I would like to skip maintaining all this crap, though: I like your approach

▲ Jemaclus 4 days ago | parent | prev [-]

You should install it, because it's exactly what you just described.

Edit: From a UI perspective, it's exactly what you described. There's a dropdown where you select the LLM, and there's a ChatGPT-style chatbox. You just docker-up and go to town.

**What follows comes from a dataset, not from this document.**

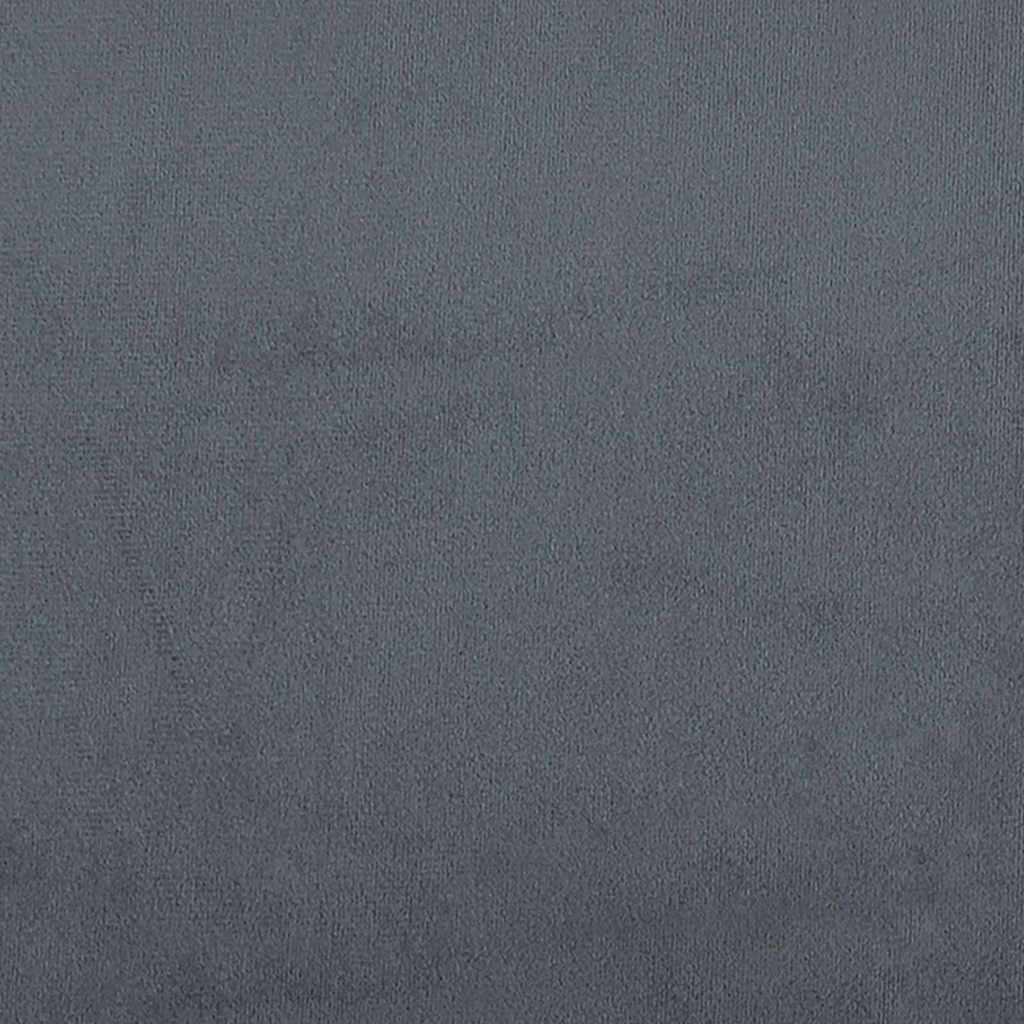 Floor Sofa Bed Dark Grey 213 x 76 x 77 cm Velvet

Maybe I don't understand the rest of the request, but I can't imagine a software where a webpage exists and it just magically has LLMs available in the browser with no installation?

▲ craftkiller 4 days ago | parent | next [-]

It doesn't seem exactly like what they are describing. The end-user interface is what they are describing but it sounds like they want the actual LLM to run in the browser (perhaps via webgpu compute shaders). Open WebUI seems to rely on some external executor like ollama/llama.cpp, which naturally can still be self-hosted but they are not executing INSIDE the browser.

▲ Jemaclus 4 days ago | parent [-]

Does that even exist? It's basically what they described but with some additional installation? Once you install it, you can select the LLM on disk and run it? That's what they asked for.

Maybe I'm misunderstanding something.

▲ craftkiller 4 days ago | parent [-]

Apparently it does, though I'm learning about it for the first time in this thread also. Personally, I just run llama.cpp locally in docker-compose with anythingllm for the UI but I can see the appeal of having it all just run in the browser.

  https://github.com/mlc-ai/web-llm
  https://github.com/ngxson/wllama

	▲	Jemaclus 4 days ago \| parent [-]
		Oh, interesting. Well, TIL.

▲ andsoitis 4 days ago | parent | prev [-]

> You should install it, because it's exactly what you just described.

Not OP, but it really isn't what' they're looking for. Needing to install stuff VS simply going to a web page are two very different things.

▲ coip 4 days ago | parent | prev | next [-]

Have you seen/used the webGPU spaces?

https://huggingface.co/docs/transformers.js/en/guides/webgpu

eta: its predecessor was using webGL

	▲	mg 4 days ago \| parent [-]
		WebGPU is not yet available in the default config of Linux browsers, so WebGL would have been perfect :)

▲ mudkipdev 4 days ago | parent | prev | next [-]

It was done with gemma-3-270m, I hope someone will post a link to it below

▲ vavikk 4 days ago | parent | prev [-]

Not browser but Electron. For the browser you would have to run a local nodejs server and point the browser app to use the local API. I use electron with nodejs and react for UI. Yes I can switch models.